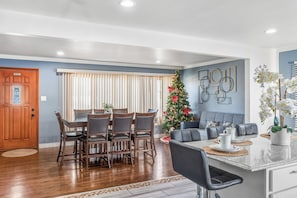 A dining area with a wooden table and chairs, a Christmas tree, and a seating area with a sofa and coffee table.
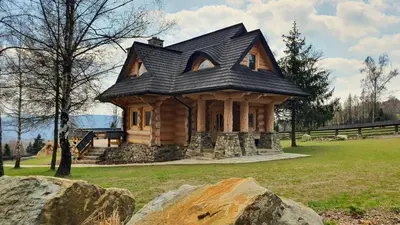 a small house with a black roof on a field at Luksusowy domek z jaskinią SPA - Osada Jaworzyny in Tokarnia
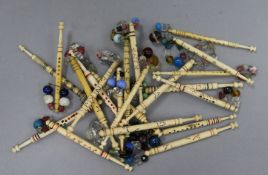 A collection of approximately eighty 19th century named bone and ivory lace bobbins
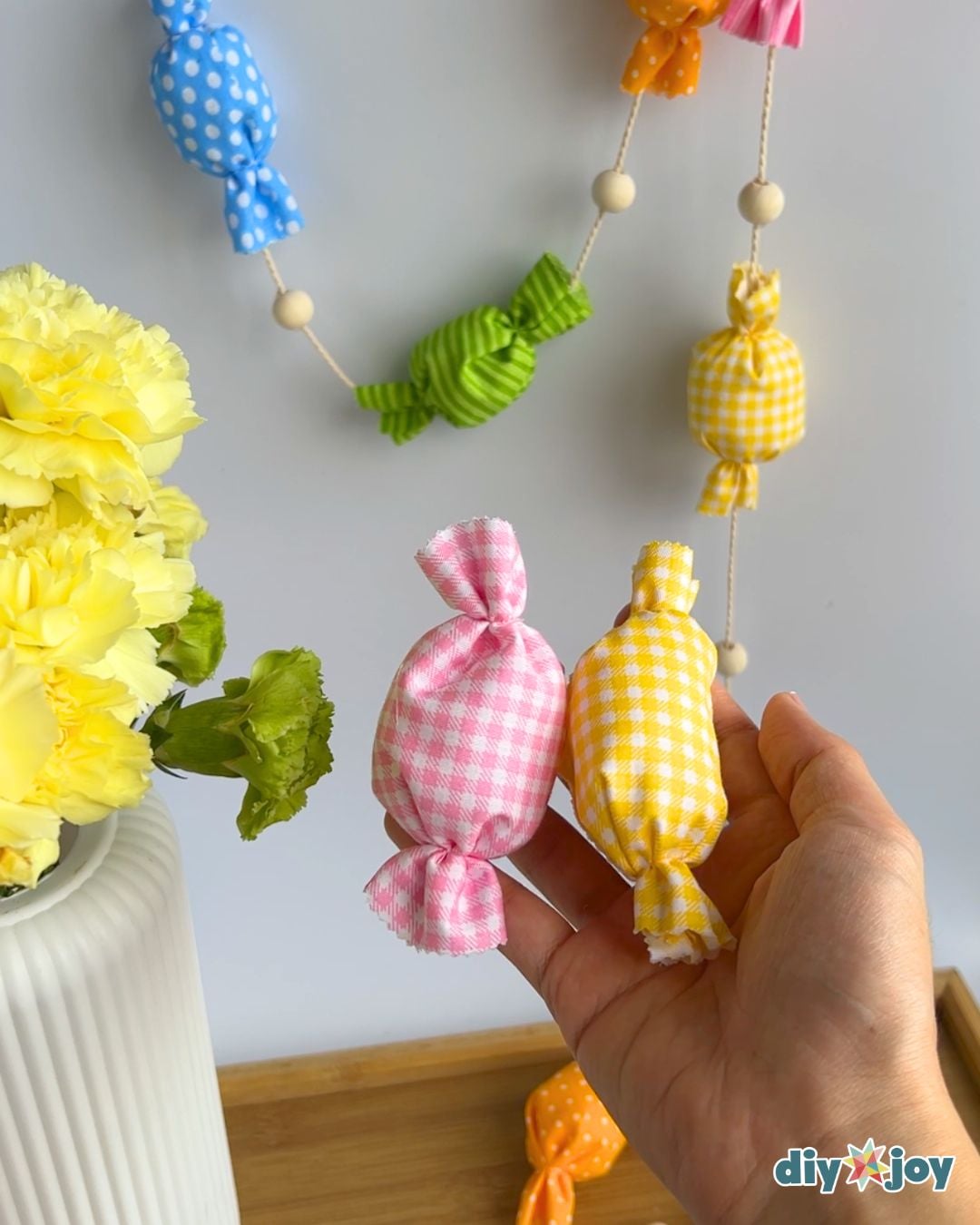 Hand holding pink gingham and yellow gingham fabric candies beside yellow carnations, with the hanging garland behind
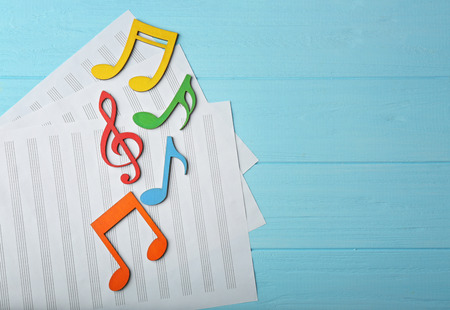 Music notes and sheets of paper on color wooden background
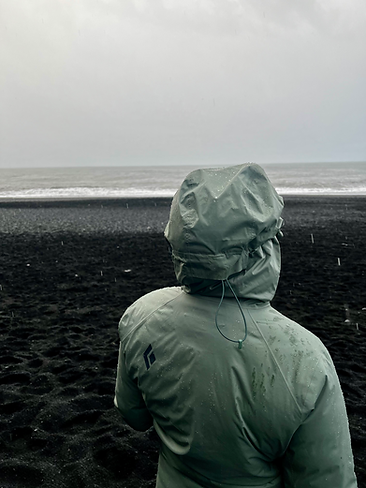 Standing on Reynisfjara Black Sand Beach in Vik, Iceland in the rain watching the sneaker waves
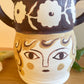 Pot head vase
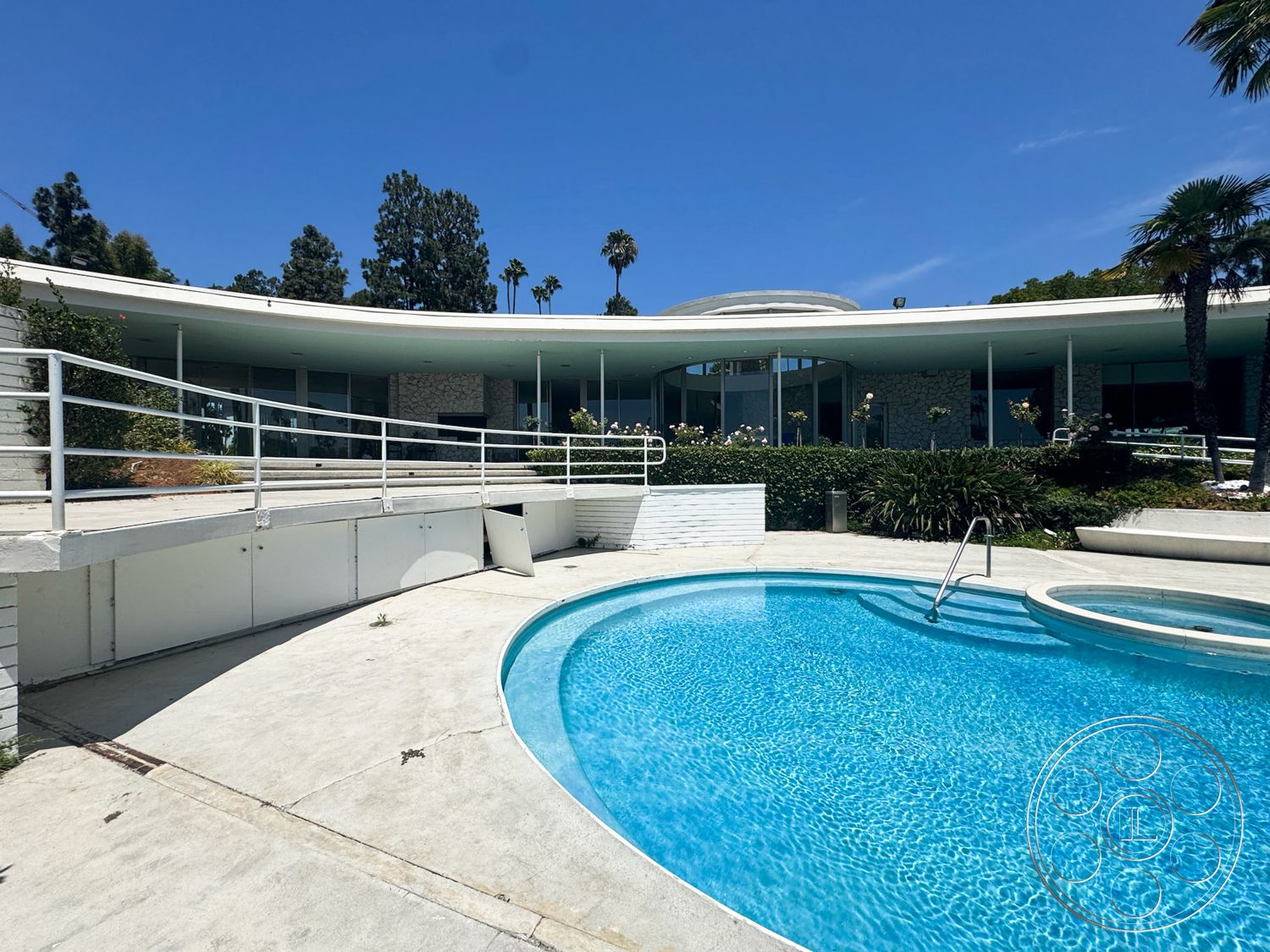 MCM 28 - exterior, landscaped garden, glass windows, tropical palm trees, concrete pool deck, stone feature wall, round swimming pool, modern architectural design, curved patio area, minimalist railing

Your assignment: Each line from the line containing "Standing on Reynisfjara" through the final line of the data above must be retyped exactly; nothing else, and no pictures, may appear.

Task answer:
 Standing on Reynisfjara Black Sand Beach in Vik, Iceland in the rain watching the sneaker waves
 Pot head vase
 MCM 28 - exterior, landscaped garden, glass windows, tropical palm trees, concrete pool deck, stone feature wall, round swimming pool, modern architectural design, curved patio area, minimalist railing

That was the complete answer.